Copy out each line of the material exactly. Pictures do not belong in the copy.
◇ ◇ ◇
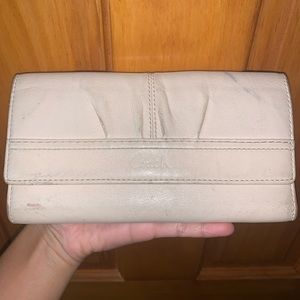 Coach leather Cream clutch wallet
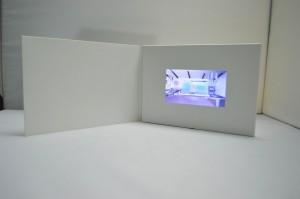 Matte Paper Material LCD Greeting Card , LCD Video Business Cards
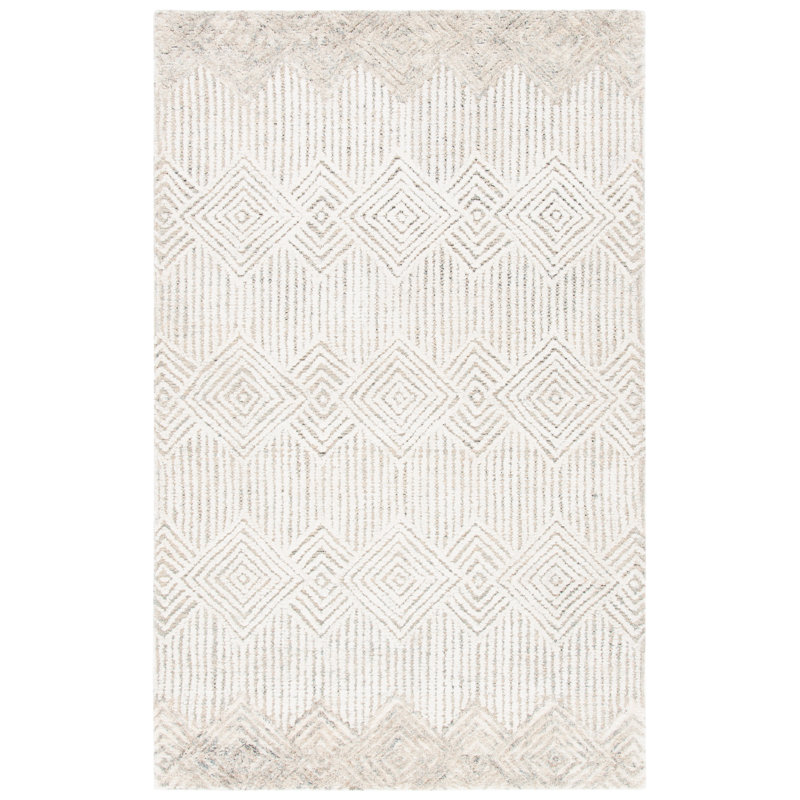 Metro Hand Tufted Wool And Cotton With Latex Geometric Rug, Rectangle 3' x 5'
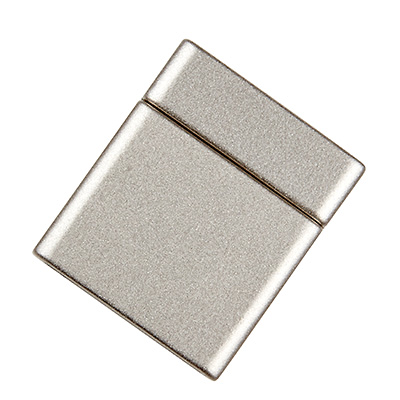 Magic Power magneetsluiting voor platte linten 15 x 2 mm, kleur mat roestvrij staal 
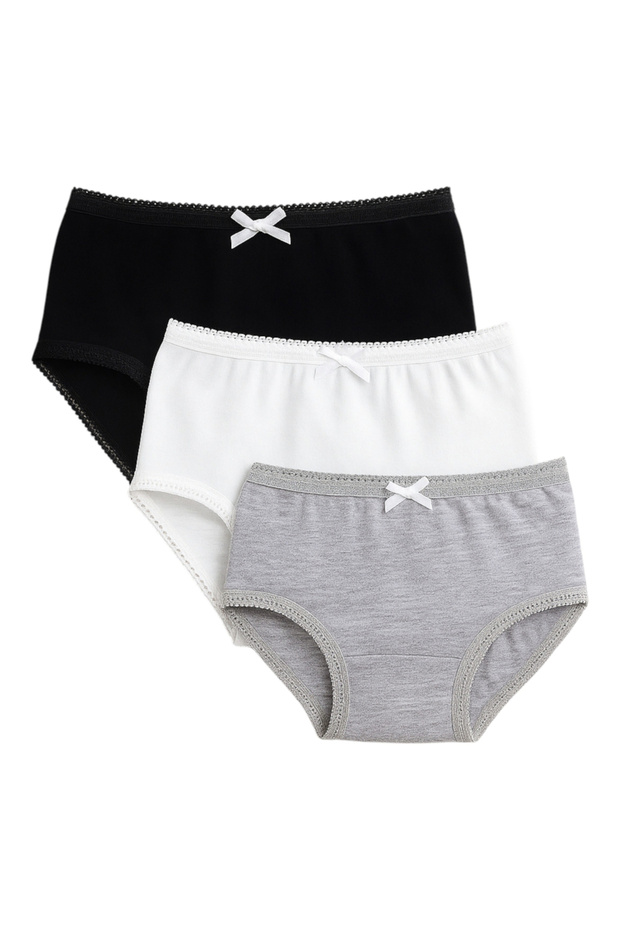 Pack of 3 - Girls Solid Briefs with Bow Detail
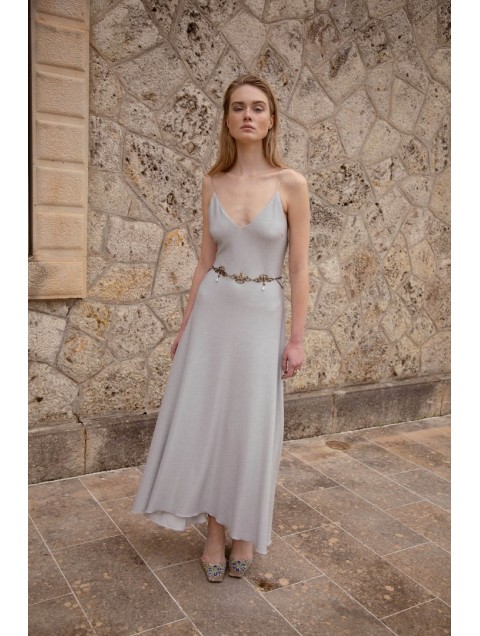 NIDODILEDA Drift Dress Sparkly Thread Silver Ασημί Φόρεμα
◇ ◇ ◇
WRITTEN RESPONSE:
 Coach leather Cream clutch wallet
 Matte Paper Material LCD Greeting Card , LCD Video Business Cards
 Metro Hand Tufted Wool And Cotton With Latex Geometric Rug, Rectangle 3' x 5'
 Magic Power magneetsluiting voor platte linten 15 x 2 mm, kleur mat roestvrij staal 
 Pack of 3 - Girls Solid Briefs with Bow Detail
 NIDODILEDA Drift Dress Sparkly Thread Silver Ασημί Φόρεμα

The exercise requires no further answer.